Source information below:

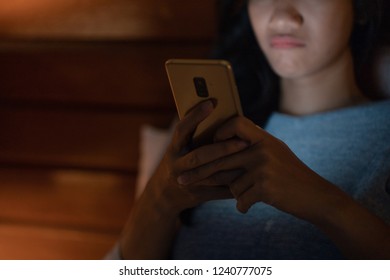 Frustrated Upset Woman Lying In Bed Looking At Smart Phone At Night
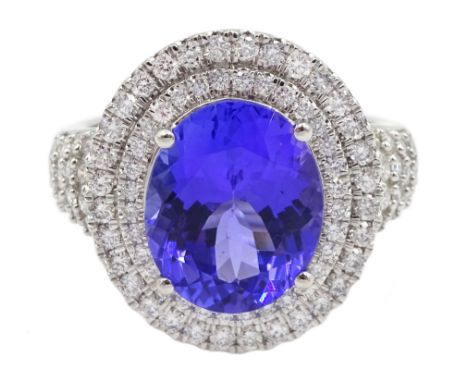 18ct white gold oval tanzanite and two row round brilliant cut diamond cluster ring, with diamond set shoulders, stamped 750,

End of Source information.
Source information below:

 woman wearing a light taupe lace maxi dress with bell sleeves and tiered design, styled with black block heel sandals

End of Source information.
Source information below:

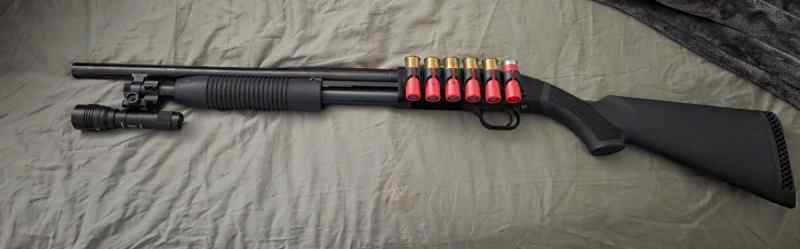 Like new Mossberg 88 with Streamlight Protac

End of Source information.

Respond with the exact lines above running from the one containing "Frustrated Upset Woman" to the one containing "18ct white gold", both ends kept and no pictures included.

### [Result of this exercise]
 Frustrated Upset Woman Lying In Bed Looking At Smart Phone At Night
 18ct white gold oval tanzanite and two row round brilliant cut diamond cluster ring, with diamond set shoulders, stamped 750,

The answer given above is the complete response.